§ Your task: Repeat the data that follows exactly, starting at the line with "vidaXL Armoire de" and ending at the line with "Geometric Dome Wireframe", and leave out every picture.

§ Data shown:
···

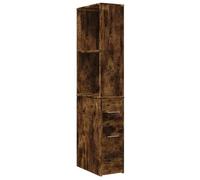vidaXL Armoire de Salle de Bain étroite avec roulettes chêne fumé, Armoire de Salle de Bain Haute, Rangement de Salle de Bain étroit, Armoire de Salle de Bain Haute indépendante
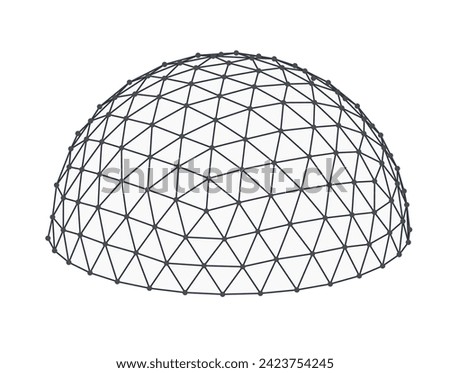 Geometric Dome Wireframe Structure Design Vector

···

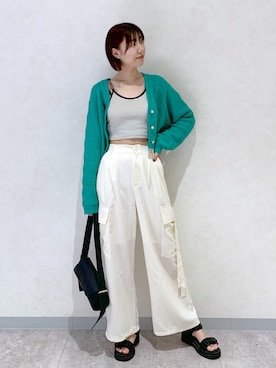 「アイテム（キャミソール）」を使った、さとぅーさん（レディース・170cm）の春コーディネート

···

§ Task output:
vidaXL Armoire de Salle de Bain étroite avec roulettes chêne fumé, Armoire de Salle de Bain Haute, Rangement de Salle de Bain étroit, Armoire de Salle de Bain Haute indépendante
 Geometric Dome Wireframe Structure Design Vector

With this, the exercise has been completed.